Dès son premier interrogatoire, Lucien avoue tout : son plan, ses idées sur le crime, la façon minutieuse avec laquelle il a tout prémédité. Devant les policiers, il parle encore de Lacenaire. Il s'enthousiasme, il s'enflamme.
« C'était un homme splendide, une puissante individualité ! Son œuvre conduit à des déductions énormes. J'ai, comme lui, de grands élans de sensibilité et je ne vois jamais sans émotion un veau conduit à l'abattoir ou un chien lancé dans la Loire. Mais, comme Lacenaire, je déteste la société. »

Et Lucien prend des poses. Il joue un rôle, il fait du théâtre.
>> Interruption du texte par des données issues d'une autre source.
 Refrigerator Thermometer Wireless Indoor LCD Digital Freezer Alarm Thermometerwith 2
Il semble dire à tout le monde :
« Regardez-moi bien, je ne suis plus Lucien Morisset, le petit clerc de notaire, le poète raté, je suis Lucien Morisset, le grand assassin ! »
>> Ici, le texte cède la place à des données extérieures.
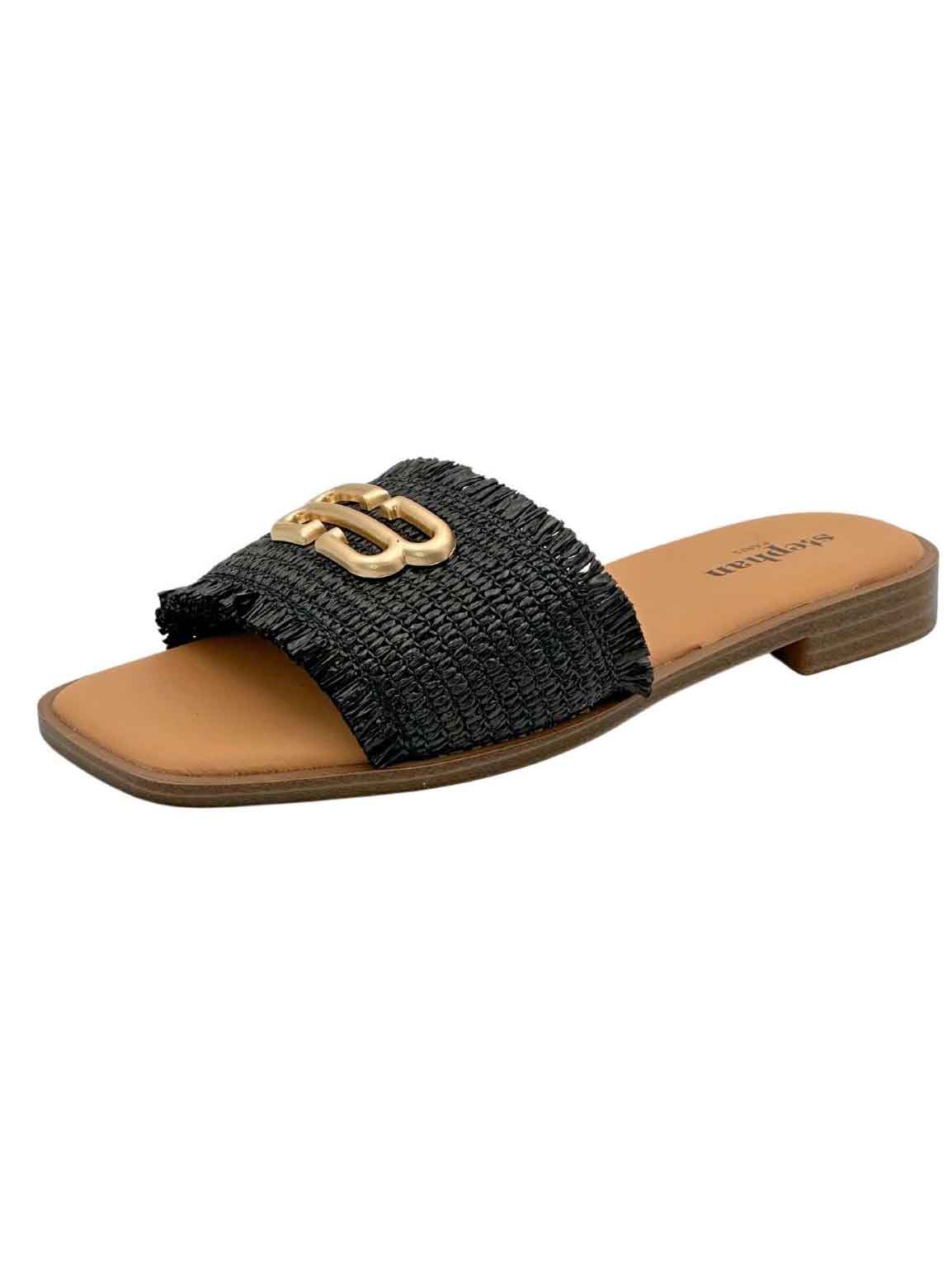 Barca - Søde slippers med flettet design og elegant guldfarvet spænde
Dans sa prison, Lucien écrit beaucoup. Pas des lettres, bien entendu. A qui écrirait-il ? Il écrit pour lui-même, comme il l'a toujours fait. Et, là encore, il pose. Il évoque avec complaisance son destin tragique. Voici ce qu'il consigne dans son journal :
« Finirai-je comme Lacenaire ? Quand j'interroge fortement ma conscience, elle me répond : c'est possible. Poète, voleur, assassin : la gradation est singulière ! Et je me dis tout bas, bien bas : j'ai déjà fait la moitié du chemin. »
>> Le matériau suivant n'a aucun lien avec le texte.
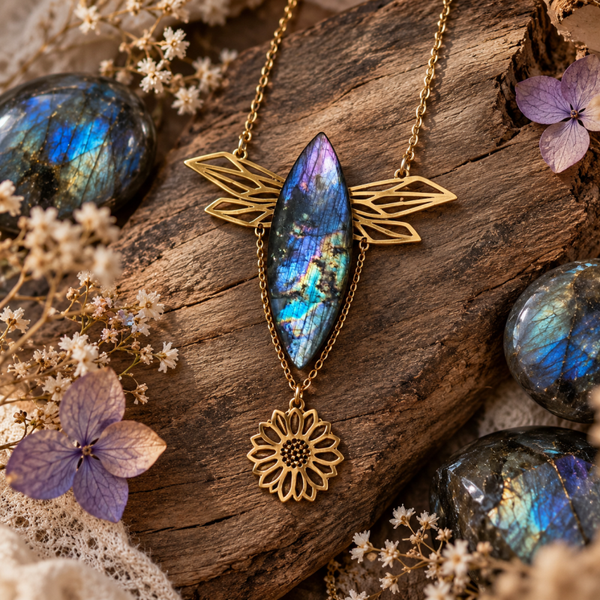 Collier "Ailes de Lumière"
Il va sans dire que, dans ces conditions, l'instruction ne dure pas longtemps. Il n'y a même pratiquement pas d'enquête. Un coupable qui est pris sur le fait et qui passe des aveux complets : que demander de plus ?

Un seul point cependant reste à éclaircir, et c'est le point capital : l'état mental de Lucien Morisset. L'expertise est confiée à l'illustre psychiatre de la Salpêtrière, le professeur Legrand du Saule. Le rapport qu'il dépose quelques semaines plus tard entre les mains du juge d'instruction mérite qu'on s'y attarde :
« Lucien Morisset n'est pas fou, commence le professeur. Il n'est pas prédisposé héréditairement à la folie. Il a toujours été sobre : il n'est ni épileptique, ni halluciné, ni délirant, ni impulsif Aucun médecin en France ne le garderait dans un asile d'aliénés. Il est donc conscient et responsable.
Toutefois, ajoute-t-il, Morisset a manqué d'éducation morale. Il n'a jamais connu sa mère. Il a été livré trop tôt à lui-même et s'est mal orienté dans la vie. En voulant acquérir un degré d'instruction auquel il n'était pas préparé, il s'est surmené intellectuellement. Il est intelligent, mais ambitieux et orgueilleux. Il a vécu d'illusions et n'a pas supporté de les voir s'écrouler. De plus, sous l'influence de lectures détestables, il s'est forgé une morale à son propre usage. Il est devenu un pervers. »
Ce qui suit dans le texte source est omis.